Pertama sekali mengunjungi Skansen sekitar dua tahun yang lalu. Tepatnya bulan Agustus 2014. Musim panas waktu itu. Bareng suami, abang dan kakak gue. Kebetulan mereka berdua (abang dan kakak) lagi berkunjung ke Swedia. Ketika suami mengajak ke Skansen, awalnya gue tidak terlalu antusias. Namanya waktu itu masih newbie banget, jadi jika berkunjung ke kota besar, apalagi seperti Stockholm, rasanya lebih suka menikmati keindahan pusat kotanya saja. Bukan malah melihat bangunan yang sebenarnya di desa gue pun ada. Tapi abang gue sepertinya tertarik banget, sebelas duabelas dengan suami. Akhirnya mau ga mau ya ngikut.
Berhubung kami datang sudah agak siangan, jadi kurang cukup waktu mengelilingi Skansen yang lumayan luas. Apalagi kakak gue dikit dikit ngeluh kakinya capek. Hahaha. Intinya kunjungan pertama itu kurang berkesan buat gue. Berbeda dengan sekarang, setelah mengunjungi Den Gamle By di Aarhus Denmark dan Jamtli di Östersund Swedia, akhirnya gue pun lumayan bersemangat ketika suami mengajak ke Skansen (again).
Sebenarnya kunjungan kali kedua ke Skansen bisa dibilang tidak ada dalam rencana kami. Terbayang pun tidak untuk datang ke tempat ini lagi. Hingga suatu hari, tepatnya beberapa hari sebelum kami berangkat ke Stockholm dalam rangka menghadiri undangan pesta ulang tahun teman, tiba tiba suami bilang, kalau tiket masuk ke Jamtli (museum udara yang pernah kami kunjungi beberapa bulan lalu), bisa digunakan juga sebagai tiket masuk ke Skansen. Jadi ceritanya suami baru ngehlah, kalau petugas loket di Jamtli pernah memberitahu dia terkait penggunaan tiket ini. Awalnya gue tidak yakin. Apalagi suka ga percaya kalau “yang di sini” bilang bisa, “yang di sana” bilang ga bisa. Pengalaman birokrasi di kampung halaman.

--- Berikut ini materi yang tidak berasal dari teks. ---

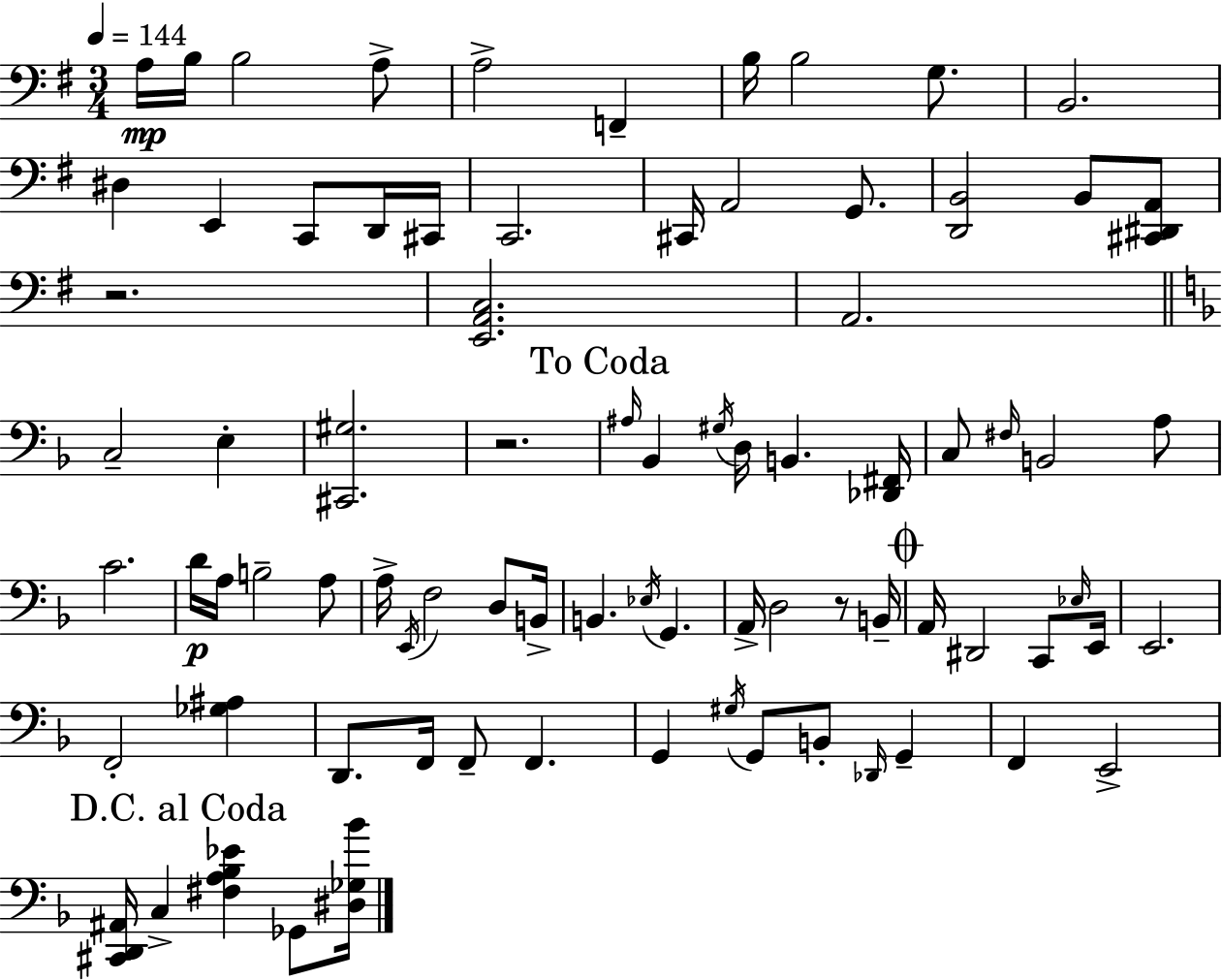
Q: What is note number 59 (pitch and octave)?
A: F2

Berhubung gue lumayan sering menyimpan segala kertas yang berkaitan dengan perjalanan liburan kami (seperti tiket, brosur, slip bayar bayaran sampai map), maka tanpa bersusah payah mencari, dua buah tiket Jamtli langsung di tangan. Sampai akhirnya kami tiba di Skansen, sempat ada sedikit keraguan. Takut tiketnya ditolak. Tengsin banget kan kalau sampai kejadian. Dan pas nanya ke bagian loket, ternyata ga pake birokrasi lama, kami langsung diperbolehkan masuk. Dan pakai bonus lagi, tanpa harus melalui antrian yang lumayan panjang. Ahhh rejeki pasangan soleha.
So, jika ada pertanyaan, tempat wisata apa yang terkenal di Stockholm dan rasanya wajib untuk dilihat? Salah satunya adalah Skansen. Terletak di Djurgarden, sebuah kawasan pulau kecil di Stockholm. Tidak hanya dikenal sebagai museum udara (open air museum) pertama dan tertua di Swedia, tetapi juga yang terluas. Sangkin luasnya, rasanya butuh waktu seharian untuk bisa maksimal mengelilinginya.

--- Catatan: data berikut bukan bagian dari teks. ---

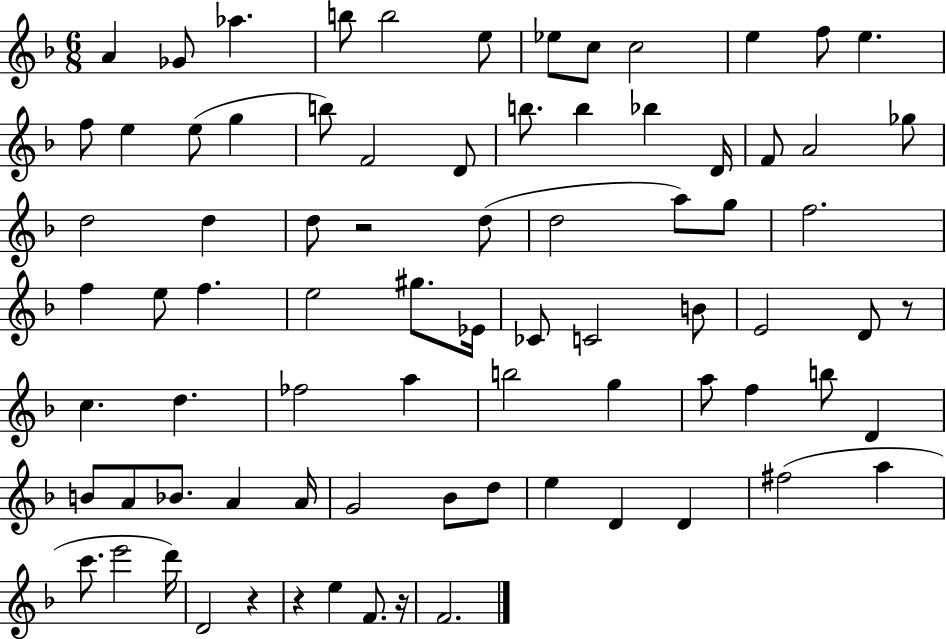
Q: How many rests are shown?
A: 5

Skansen pertama sekali didirikan oleh seorang pria bernama Artur Hazelius pada tahun 1891. Sebagai kolektor barang antik dan pencinta sejarah, beliau pun memboyong bangunan bangunan tua dari berbagai pelosok daerah di Swedia. Mulai dari bangunan rumah, bank, pabrik roti, sampai bangunan gereja. Tujuannya cuma satu, Hazelius ingin memperkenalkan bagaimana budaya masyarakat Swedia jauh sebelum era industrialisasi masuk ke negara ini. Jadi jangan heran, jika berada di Skansen, akan sangat mudah melihat kumpulan rumah rumah kayu tua, yang berdiri di beberapa lokasi area museum.
Tidak hanya itu, Skansen pun disulap agar terlihat lebih menarik, dengan menata sekitar museum sedemikian rupa, banyak pohon dan bunga, kebun binatang, taman bermain, sampai sebuah arena panggung besar yang rasanya menjadi ajang pentas musik di saat summer. Pentas musik yang lumayan sering disiarkan di stasiun TV lokal Swedia. Bahkan beberapa bangunan kincir angin pun sengaja dipindahkan untuk memberi nuansa bahela di kawasan museum.
Berada di Skansen, seperti terbawa ke lingkaran waktu ratusan tahun silam. Jaman dimana orang masih menggunakan peralatan apa adanya. Jauh dari modernisasi. Barang barang masih terbuat dari bahan kayu, seperti ember, piring, sendok dan perlatan rumah tangga lainnya. Tapi tidak sedikit juga yang menampilkan barang retro dalam bentuk porselin dan keramik. Bahkan di museum udara ini, juga terdapat tiang batu (gue sebut tiang batu aja deh biar gampang, haha) yang dulunya dipakai sebagai batas pengukur jalan. Tiang batu yang menjadi tolak ukur untuk hitungan jarak per satu mil.
Di tulisan gue sebelumnya, gue sudah pernah menyinggung tentang Root Cellar, gudang yang di jaman dahulu kala memiliki fungsi layaknya sebuah kulkas. Mampu membuat bahan makanan menjadi awet dan tahan lama di dalamnya. Hal ini disebabkan karena suhu di dalam Root Cellar cenderung stabil, baik di saat musim panas maupun musim dingin. Nah, kebetulan Root Cellar bisa dilihat di Skansen. Lengkap dengan contoh contoh makanan apa saja yang bisa di simpan di dalam. Ada telur, toples berisi selai, sayuran, roti dan masih banyak lagi.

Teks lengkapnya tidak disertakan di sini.